UNDERSTANDING EARLY EARTH PROCESSES-FACT AND FICTION
Seminars
Summer Semester
Prof. Peter Cawood obtained undergraduate and PhD degrees from the University of Sydney and has held academic positions in Australia, New Zealand, Canada, and the UK. He is currently ARC Laureate Fellow at Monash University and is an elected Fellow of the Australian Academy of Sciences, the Royal Society of Edinburgh, and the Geochemical Society and European Association of Geochemistry. Peter Cawood's research focuses on the origin of the Earth's continental lithosphere (crust and upper mantle) and the processes of its generation, stabilization and reworking. His major research contributions include: demonstrating that the archive of Earth history is not simply a record of the processes of crustal generation but markedly biased by the supercontinent cycle; innovative studies on the early stages of collisional orogenesis that link ophiolite generation to its emplacement; a model for the deformation and stabilization of accretionary orogens, and temporal relations to collisional orogenesis; the role and timing for initiation of plate tectonics on the early Earth; and the application of microanalytical techniques to unravel the provenance history and paleogeography of sedimentary basins and orogenic belts.

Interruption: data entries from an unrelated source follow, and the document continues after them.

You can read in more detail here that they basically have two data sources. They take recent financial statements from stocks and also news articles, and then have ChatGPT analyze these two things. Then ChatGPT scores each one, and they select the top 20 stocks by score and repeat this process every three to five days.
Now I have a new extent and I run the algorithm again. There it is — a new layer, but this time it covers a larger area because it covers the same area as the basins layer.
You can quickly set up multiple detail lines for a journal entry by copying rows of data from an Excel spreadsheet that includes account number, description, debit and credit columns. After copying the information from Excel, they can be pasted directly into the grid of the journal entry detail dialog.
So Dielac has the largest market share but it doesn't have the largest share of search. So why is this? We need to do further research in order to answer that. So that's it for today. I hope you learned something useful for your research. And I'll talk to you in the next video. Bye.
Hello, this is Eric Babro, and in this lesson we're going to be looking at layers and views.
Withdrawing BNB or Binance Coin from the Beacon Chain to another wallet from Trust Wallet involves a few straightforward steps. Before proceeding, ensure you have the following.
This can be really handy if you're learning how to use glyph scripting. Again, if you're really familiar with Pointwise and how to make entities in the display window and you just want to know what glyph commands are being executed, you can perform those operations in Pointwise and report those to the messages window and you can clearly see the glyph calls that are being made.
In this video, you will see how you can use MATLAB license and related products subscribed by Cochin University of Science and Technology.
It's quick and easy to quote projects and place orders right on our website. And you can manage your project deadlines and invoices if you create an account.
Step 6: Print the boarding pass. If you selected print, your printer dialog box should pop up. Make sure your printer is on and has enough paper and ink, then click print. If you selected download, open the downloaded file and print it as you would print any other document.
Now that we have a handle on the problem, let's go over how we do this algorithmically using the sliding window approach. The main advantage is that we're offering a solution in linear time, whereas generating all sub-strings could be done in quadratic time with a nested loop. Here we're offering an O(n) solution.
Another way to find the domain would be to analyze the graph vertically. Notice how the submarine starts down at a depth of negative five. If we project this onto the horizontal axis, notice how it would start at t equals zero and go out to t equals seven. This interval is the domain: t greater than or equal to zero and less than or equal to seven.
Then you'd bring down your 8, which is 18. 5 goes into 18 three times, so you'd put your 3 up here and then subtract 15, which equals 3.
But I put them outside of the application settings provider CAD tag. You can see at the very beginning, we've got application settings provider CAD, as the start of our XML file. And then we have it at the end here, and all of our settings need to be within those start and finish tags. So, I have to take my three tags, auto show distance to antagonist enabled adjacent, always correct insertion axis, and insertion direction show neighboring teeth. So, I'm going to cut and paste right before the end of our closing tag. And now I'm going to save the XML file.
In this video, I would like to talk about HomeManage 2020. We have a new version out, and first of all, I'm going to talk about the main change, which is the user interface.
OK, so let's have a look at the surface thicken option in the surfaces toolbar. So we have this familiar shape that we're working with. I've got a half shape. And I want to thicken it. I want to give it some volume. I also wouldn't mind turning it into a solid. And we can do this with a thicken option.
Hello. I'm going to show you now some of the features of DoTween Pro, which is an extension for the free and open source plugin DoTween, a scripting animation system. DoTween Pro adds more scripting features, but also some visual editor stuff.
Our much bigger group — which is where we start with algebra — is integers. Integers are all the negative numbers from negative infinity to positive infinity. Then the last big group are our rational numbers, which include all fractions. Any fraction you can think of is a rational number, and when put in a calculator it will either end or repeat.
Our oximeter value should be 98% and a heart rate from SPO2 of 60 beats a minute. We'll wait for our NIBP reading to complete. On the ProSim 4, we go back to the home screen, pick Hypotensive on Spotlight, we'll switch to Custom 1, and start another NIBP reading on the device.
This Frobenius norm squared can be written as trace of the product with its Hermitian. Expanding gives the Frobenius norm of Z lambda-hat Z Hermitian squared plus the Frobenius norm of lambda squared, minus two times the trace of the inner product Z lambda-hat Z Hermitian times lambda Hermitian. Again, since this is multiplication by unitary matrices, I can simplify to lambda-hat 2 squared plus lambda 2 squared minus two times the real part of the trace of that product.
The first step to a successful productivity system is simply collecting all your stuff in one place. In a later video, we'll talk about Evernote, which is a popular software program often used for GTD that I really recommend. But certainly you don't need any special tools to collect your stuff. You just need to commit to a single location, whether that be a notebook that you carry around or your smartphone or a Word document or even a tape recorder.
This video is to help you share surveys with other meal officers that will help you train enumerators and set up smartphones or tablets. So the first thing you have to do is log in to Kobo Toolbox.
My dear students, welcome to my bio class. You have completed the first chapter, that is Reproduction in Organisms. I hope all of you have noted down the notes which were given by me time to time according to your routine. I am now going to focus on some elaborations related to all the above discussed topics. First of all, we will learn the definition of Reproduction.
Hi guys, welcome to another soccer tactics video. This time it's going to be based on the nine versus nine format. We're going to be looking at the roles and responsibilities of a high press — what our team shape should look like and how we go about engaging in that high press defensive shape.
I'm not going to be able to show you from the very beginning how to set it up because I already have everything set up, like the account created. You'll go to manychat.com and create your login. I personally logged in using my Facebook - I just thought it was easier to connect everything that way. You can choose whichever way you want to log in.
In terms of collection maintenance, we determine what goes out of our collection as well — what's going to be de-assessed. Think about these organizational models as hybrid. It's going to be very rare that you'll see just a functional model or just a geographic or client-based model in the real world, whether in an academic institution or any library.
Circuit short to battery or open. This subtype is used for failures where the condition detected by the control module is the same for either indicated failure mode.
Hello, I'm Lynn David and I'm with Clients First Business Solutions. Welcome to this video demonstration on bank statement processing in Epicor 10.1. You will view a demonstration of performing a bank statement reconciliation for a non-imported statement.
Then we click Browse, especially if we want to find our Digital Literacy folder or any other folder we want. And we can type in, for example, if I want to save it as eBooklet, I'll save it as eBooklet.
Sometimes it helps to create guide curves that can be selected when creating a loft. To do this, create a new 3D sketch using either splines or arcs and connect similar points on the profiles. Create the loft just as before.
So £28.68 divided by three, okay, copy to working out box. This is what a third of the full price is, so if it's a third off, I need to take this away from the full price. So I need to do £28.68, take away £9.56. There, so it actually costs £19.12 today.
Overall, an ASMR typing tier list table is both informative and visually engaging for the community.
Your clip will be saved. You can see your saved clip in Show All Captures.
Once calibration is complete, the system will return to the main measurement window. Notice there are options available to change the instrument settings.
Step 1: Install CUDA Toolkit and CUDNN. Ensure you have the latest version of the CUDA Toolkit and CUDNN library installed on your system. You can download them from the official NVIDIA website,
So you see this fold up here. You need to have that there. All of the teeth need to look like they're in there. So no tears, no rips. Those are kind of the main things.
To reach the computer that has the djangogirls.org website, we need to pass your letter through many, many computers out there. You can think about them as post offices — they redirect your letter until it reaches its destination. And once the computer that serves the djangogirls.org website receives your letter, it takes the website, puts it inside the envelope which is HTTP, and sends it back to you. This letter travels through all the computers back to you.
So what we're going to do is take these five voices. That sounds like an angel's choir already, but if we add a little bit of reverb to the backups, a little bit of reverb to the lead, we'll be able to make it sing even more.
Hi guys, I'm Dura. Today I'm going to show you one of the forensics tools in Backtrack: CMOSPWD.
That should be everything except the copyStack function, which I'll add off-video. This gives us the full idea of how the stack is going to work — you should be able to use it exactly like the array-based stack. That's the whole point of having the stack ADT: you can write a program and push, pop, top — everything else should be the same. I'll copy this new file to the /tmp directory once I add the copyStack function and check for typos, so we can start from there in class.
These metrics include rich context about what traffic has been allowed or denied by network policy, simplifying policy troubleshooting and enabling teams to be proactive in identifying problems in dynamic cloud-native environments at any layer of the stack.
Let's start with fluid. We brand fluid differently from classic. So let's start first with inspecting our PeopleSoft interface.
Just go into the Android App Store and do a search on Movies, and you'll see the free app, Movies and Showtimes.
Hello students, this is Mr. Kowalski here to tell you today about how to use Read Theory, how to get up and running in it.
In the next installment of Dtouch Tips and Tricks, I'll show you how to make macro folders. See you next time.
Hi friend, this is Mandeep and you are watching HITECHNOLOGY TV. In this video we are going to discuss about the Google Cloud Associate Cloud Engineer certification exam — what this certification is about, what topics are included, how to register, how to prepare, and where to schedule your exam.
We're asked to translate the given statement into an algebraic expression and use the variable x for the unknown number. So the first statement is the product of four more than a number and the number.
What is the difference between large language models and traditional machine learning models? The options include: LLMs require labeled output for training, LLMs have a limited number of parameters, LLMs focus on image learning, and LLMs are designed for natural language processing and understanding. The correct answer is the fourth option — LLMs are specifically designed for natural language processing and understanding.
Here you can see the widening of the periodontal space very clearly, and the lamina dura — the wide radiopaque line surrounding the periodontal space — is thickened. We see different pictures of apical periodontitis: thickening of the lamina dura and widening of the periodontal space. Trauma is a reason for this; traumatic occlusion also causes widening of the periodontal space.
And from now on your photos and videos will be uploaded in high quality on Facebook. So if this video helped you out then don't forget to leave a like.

Additional information: Prof. Guochun Zhao, gzhao@hku.hk
The Earth is the only planet with active plate tectonics but for how long this has been the modus operandi of mantle-lithosphere coupling remains unresolved. There is a widespread view that plate tectonics has been in operation since the late Archean or the beginning of the Paleoproterozoic but commencement in the Hadean to early Archean has also been argued, as has a later and possible episodic start to plate tectonics. Differences reflect in part contrasting conceptual approaches to the interpretation of geological features and processes. Those favouring a very early start for plate tectonics highlight similarities in observations, proxies and models between the early and contemporary Earth, whereas those favouring a later start date tend to emphasise the differences, which is in part attributed to higher mantle potential temperatures following solidification of the magma ocean. Resolving these different interpretations is hindered by the limited geological record, which for the Hadean, is almost entirely restricted to isotopic proxies in mineral fragments from younger detrital rocks. The main rock record starts in the Eoarchean, at 3.8 Ga, with the commencement of craton formation, with a further change at the end of the Archean with cessation of tectonothermal activity in the cratons, their stabilization, subsidence, emplacement of dykes into rigid lithosphere, and widespread cratonic breakup. Although there is no universally accepted smoking gun to constrain when plate tectonics commenced, establishing when it did start is fundamental to understanding our planet’s evolution given plate tectonics role on the contemporary Earth in maintaining a habitable environment.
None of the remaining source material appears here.